Essentially freezing development means that a future government can come in and change the national park to a residential area if they so desire, Kandl added.
“If it’s not a national park, no one will be able to do that because it’ll be a mishmash. In a few years someone could decide something totally different, but if we don’t create a park now we’ll lose that option,” said Kandl.
But activists argue that designating the land as a national park, rather than a municipal park, makes it almost impossible to change because of the bureaucratic process associated with changing national parklands to residential neighborhoods.
Efrat Cohen-Bar, an architect with Bimkom: Planners for Planning Rights, has been working with residents in Isawiya since 2004 to create an updated master plan for the neighborhood that would allow the incredibly dense neighborhood to legally expand onto parts of the surrounding land, which will now be national parkland.
“If [the national park] becomes official, there’s no hope for Isawiya,” said Cohen-Bar.
After the idea for a park in that area was first floated in 2005, the residents, supported by Bimkom, entered into negotiations with NPA to try to shrink the park, allowing them to expand on part of the land and keep part of the land designated open space.
Those negotiations were ignored in the current plan for the park, which was approved by the Local Building and Planning Committee and is waiting for approval from the Interior Ministry.
“This was years of activism, and we were finally able to get some faith from the residents to work with municipality, to believe in the system and to work within it,” said Cohen-Bar. “And they got the national park.
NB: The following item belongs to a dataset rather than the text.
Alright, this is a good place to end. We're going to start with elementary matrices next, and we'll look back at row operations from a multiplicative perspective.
This was a slap in the face to the residents.”
Cohen said she was pessimistic the plan for the national park would be rejected, but she hoped that negotiations would be possible with NPA to reduce the size of the park to allow residents to legally build homes. She called the park a “death sentence” for their attempts to work with the residents on legal ways to build and improve their neighborhood.
The plan for the national park is currently undergoing a two-month public comment period, before it can be discussed by the Interior Ministry’s District Planning and Building Committee. If it is approved by the Interior Ministry, it could become a park in as little as six months to a year. Bimkom has joined Ir Amim and Emek Shaveh and the resident’s committees to file multiple objections to the project.
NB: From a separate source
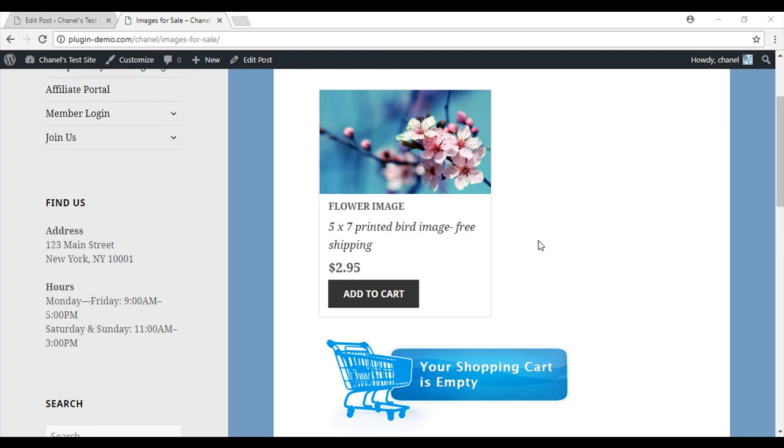Hi, this is Chanel from Tips and Tricks HQ. In this tutorial we will go over how to display or hide your shopping cart using the WP Paypal Shopping Cart plugin.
Cohen-Bar added that she would rather the municipality create a city park, which would not only compensate the residents for the land, but also be much easier to change in the future.
Kandl argued that the only way to preserve the land was with a national government body. The NPA has more experience in maintaining and developing parks and would be much more effective than the municipality, which is more easily swayed by local politics, at preserving the area, he said. “We needed a government body that had teeth.”